In RAID10, you basically loose 50% of your storage space, because each disk is mirrored. On the other hand you gain a lot of performance (each disk is used for performing reads; each mirror-set inside the RAID10 is used for performing writes). Especially when disk groups which need to perform a lot of writes, RAID10 is an absolute winner over RAID5 (see RAID5 below). Also, in case of a disk failure, RAID10 will rebuild quickly and, even more important perhaps, with very little impact on overall performance during rebuild. This is because all that needs to be done is to copy the data from a single disk to its (replaced or hot-standby) mirror.


RAID5 is another beast. RAID5 gets more efficient in storage size as you use more disks in the RAID group. This is because when you put data on a RAID5 group, all disks are used for data storage (in a stripe), and only one disk is used to put a parity segment on. In RAID5, these parity segments are put on a different disk in the RAID-group for each stripe.

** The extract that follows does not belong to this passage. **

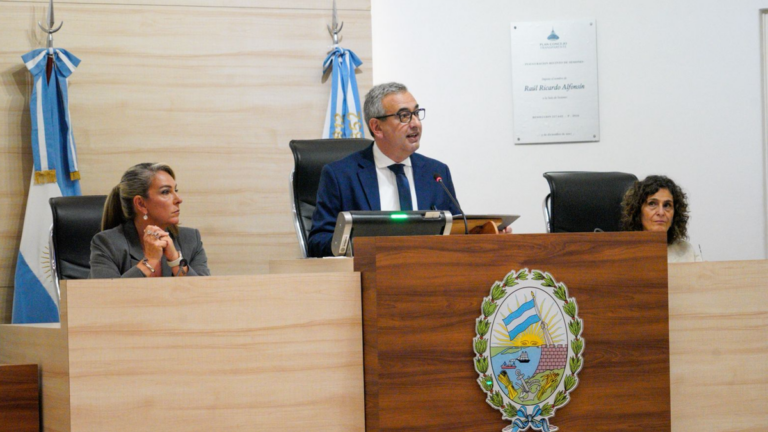 Javkin anunció obras en diez barrios de Rosario: «Donde había balas, ahora hay máquinas»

This is because you need the parity data more often when writing, and this way the load of the parity segment is divided over all members of the RAID5 group (in RAID3, one physical disk is used for all parity which can cause writing performance limitations).

Rebuilding a RAID5 array is somewhat difficult: If a disk fails and is replaced, the rebuild has to read data from all other members in each full stripe. This should return all data minus parity, or all data minus one plus parity. In both cases, the remaining segment can be calculated, and is then written back to the replaced disk in the RAID group. This is very disk intensive; all disks in the stripe have to read ALL their data in order to perform a rebuild. And worse, the rebuild time gets larger as the number of members in the RAID5 group grows.

Write penalties

For most RAID types (in fact all data-protecting RAID types), read performance is not equal to write performance.  In RAID10 things are relatively simple; when reading all disks in the group are used, when writing in effect half of the disks is used (this is because each write has to be written to two disks who make up a mirror set. So a write penalty of 1:2 you might say (for 1 write you need 2 IOPs).

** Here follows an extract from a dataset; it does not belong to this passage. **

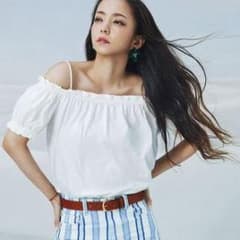 H＆M × 安室奈美恵 コラボ オフショルトップスのサムネイル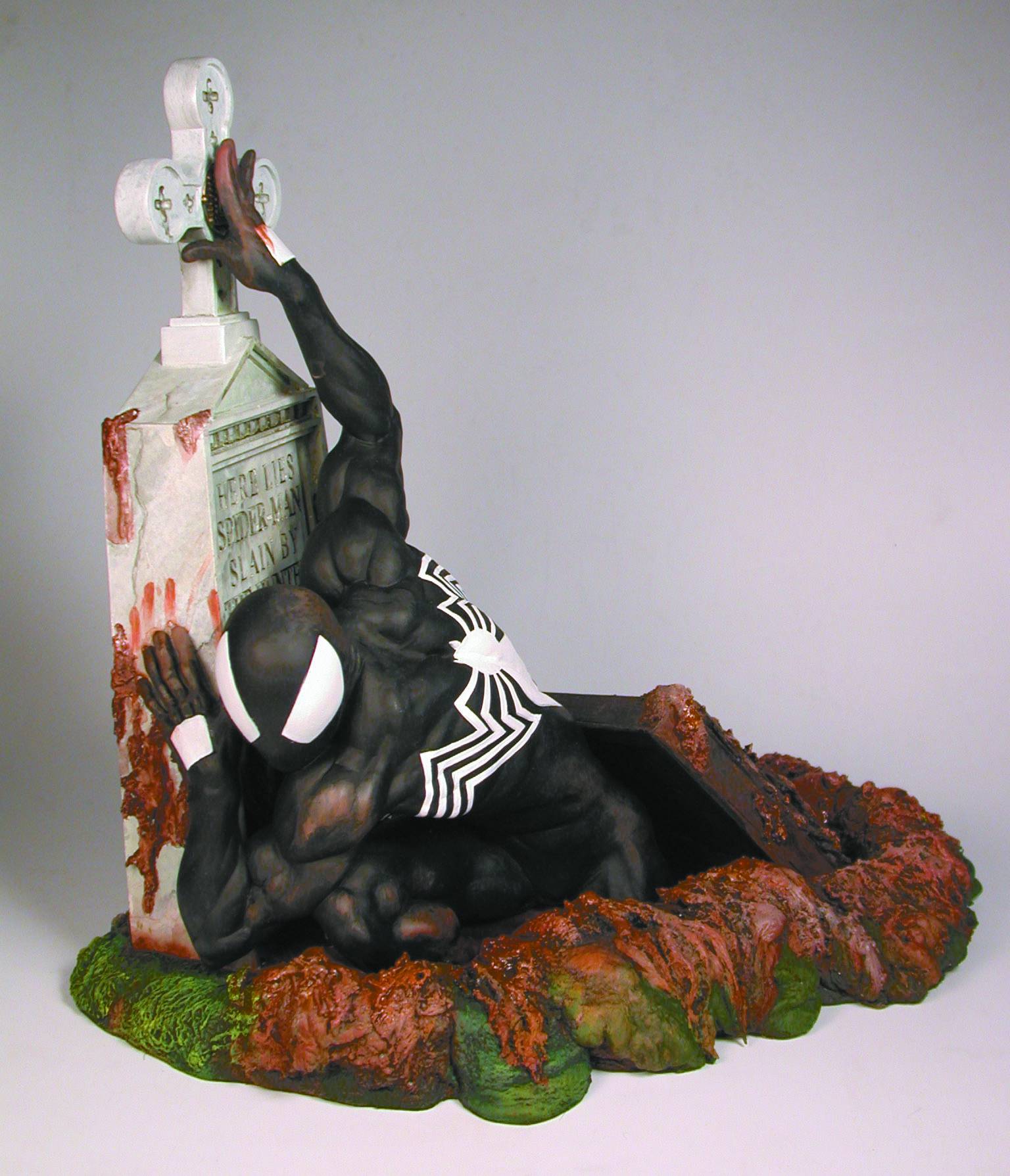 MAY032203 - DF SPIDER-MAN KRAVEN FINAL HUNT STATUE - Previews World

RAID5 write penalties are more complicated. It is basically a stripe of disks (like RAID0), but the added parity data is kind of a deal breaker. Depending on what you need to write, there is different behaviour. Lets say you want to write to only a single segment. In that case you could perform a read of that segment and read the parity of that particular stripe, then recalculate the parity data, then write both the segment and the parity. Overall this hits you for 4 IOPs for a single segment write. You can imagine this being a problem in a random IO pattern environment (where total seek time is the “killer” for your performance). The write penalty if 1:4 in that case (for one write you need 4 IOPS)

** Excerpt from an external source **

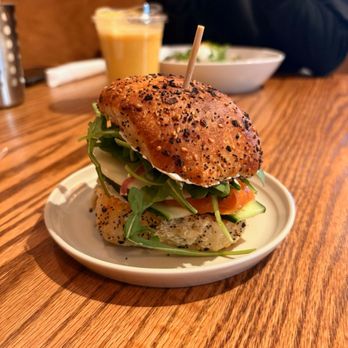 Emmett’s Cafe - Cafes Near Me - Columbus, Ohio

It gets even stranger if you write a “partial” stripe. In this case you basically have to read the entire stripe minus the segments to write, perform a calculation of the parity, then write the changed segments and the parity. You could calculate the write penalty for this, but it is kind of complicated:

if n = number of members in the stripe, m = number of segments to modify,


Number of IOPS needed = ( (n-m) + 1 parity ROPS) + ( (n+1) WOPS).

Example 1: If you have a RAID5 of (8+1) disks (8 in the stripe and one parity), and you have 2 segments to modify, you’d need 8-2+1 = 7 ROPS followed by 2+1=3 WOPS. So for 2 writes you’d need 7+3=10 IOPS, or a write penalty of 1:5.

Example 2: If you have a RAID5 of (8+1) disks again, but now you have 6 segments to modify, you’d need 8-6+1 = 3 ROPS followed by 6+1=7 WOPS. For for 6 writes you now need 10 IOPS, or a write penalty of 6:10 or 1:1,66

In the previous case, a full stripe write would require only 9 IOPS (in this case WOPS) for 8 segments, so a penalty of only 8:9, or 1:1,125 !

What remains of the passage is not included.